**Information shown:**
::::::::::
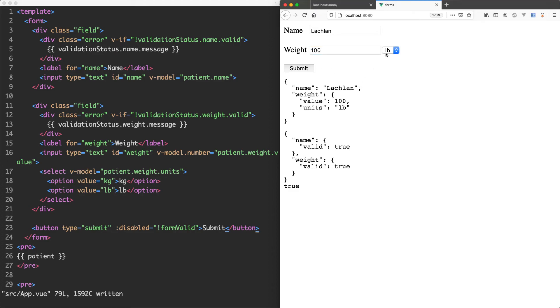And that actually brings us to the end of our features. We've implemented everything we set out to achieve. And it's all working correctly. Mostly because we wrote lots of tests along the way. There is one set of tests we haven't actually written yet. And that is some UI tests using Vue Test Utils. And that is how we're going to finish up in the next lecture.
::::::::::
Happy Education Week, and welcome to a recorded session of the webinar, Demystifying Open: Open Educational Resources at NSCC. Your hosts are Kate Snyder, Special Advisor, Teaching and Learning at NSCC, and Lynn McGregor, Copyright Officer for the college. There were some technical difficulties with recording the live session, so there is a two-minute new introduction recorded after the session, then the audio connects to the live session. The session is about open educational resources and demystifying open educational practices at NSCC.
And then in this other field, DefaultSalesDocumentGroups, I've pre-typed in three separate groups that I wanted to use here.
::::::::::
**Task to complete:**
With "then" as the word to match, copy each line of the records that has it.

**Reply:**
Happy Education Week, and welcome to a recorded session of the webinar, Demystifying Open: Open Educational Resources at NSCC. Your hosts are Kate Snyder, Special Advisor, Teaching and Learning at NSCC, and Lynn McGregor, Copyright Officer for the college. There were some technical difficulties with recording the live session, so there is a two-minute new introduction recorded after the session, then the audio connects to the live session. The session is about open educational resources and demystifying open educational practices at NSCC.
And then in this other field, DefaultSalesDocumentGroups, I've pre-typed in three separate groups that I wanted to use here.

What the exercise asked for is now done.